Hello everyone. I have been watching porn since I was 12 years old. I am 23 now and I probably watch porn on average once a week. I'm scared that I can not get this thing under control. I hate that I am subjected to the desires of the flesh when I know it isn't good for me. I often think enviously of my grandparents and even my parents of how they grew up in a time where you had to seek out to buy porn in a physical store and many people would not just because of the shame that would be invoked by having to purchase it face-to-face with the person behind the register. It's hard to live in this day and age as someone who is trying to abstain from porn where I feel like the allure of sex comes to seek you out rather than the other way around. Everything we watch, listen to on the radio, see in store fronts, is so heavily marketed towards selling the idea of sex it can feel overwhelming at times.

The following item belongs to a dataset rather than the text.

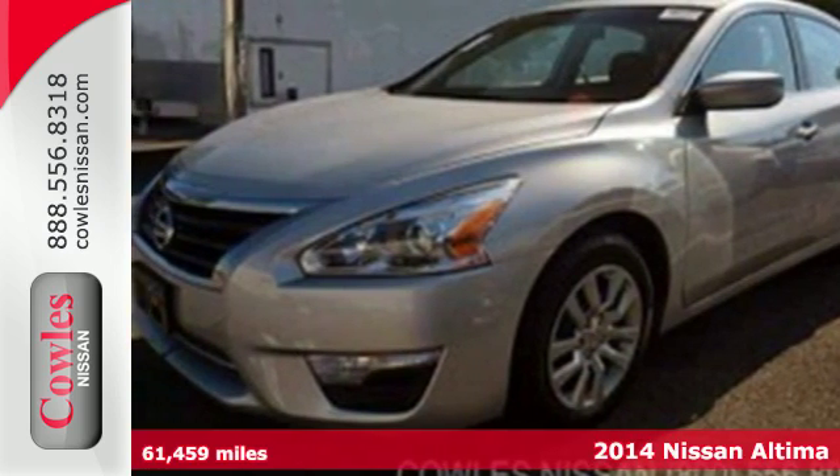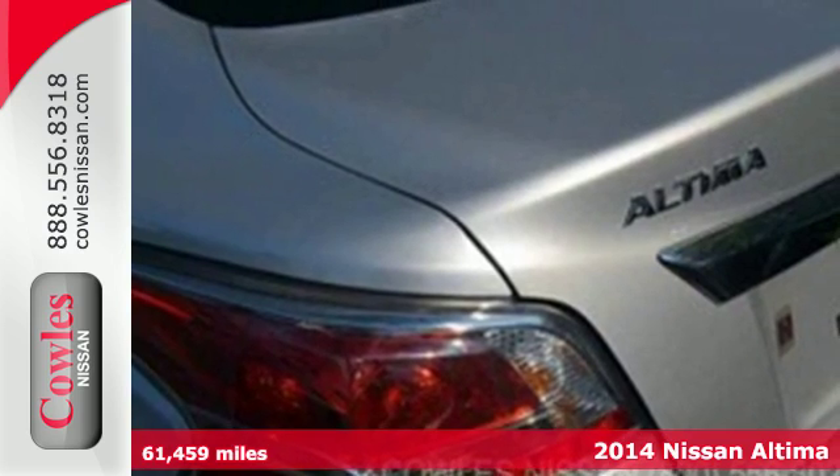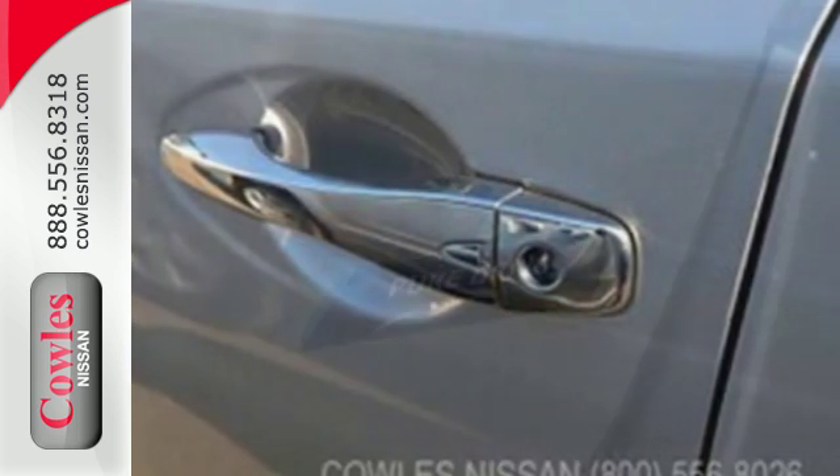It's a 2014 Nissan Altima. It has become a leader in the mid-size sedan segment, and with good reason. It consistently evolves in features, finesse, and power. This is innovation you can truly use.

I know many of you here won't be religious but I just need to talk about what has been on my mind. I recently got baptized because I am a Christian. I hate what this addiction does to my relationship with God. I can be doing so well and I feel really close to Him and then I relapse and it is like my relationship with Him goes back to square one. And I have no one to blame but myself, because I choose porn over God. It almost brings me to tears just thinking about it.

I read some of the stories on here about how some of you are having ED troubles, not finding your wives attractive anymore, or having to continue to escalate your sexual preferences just to feel something anymore and that both breaks my heart and gives me a great deal of fear that if I don't get it under control that could happen to me. The longest I have gone without PMO has been around 6 months and during that time I felt so much better than I have in a long time. I pray that I will be able to reach that milestone again soon and exceed it.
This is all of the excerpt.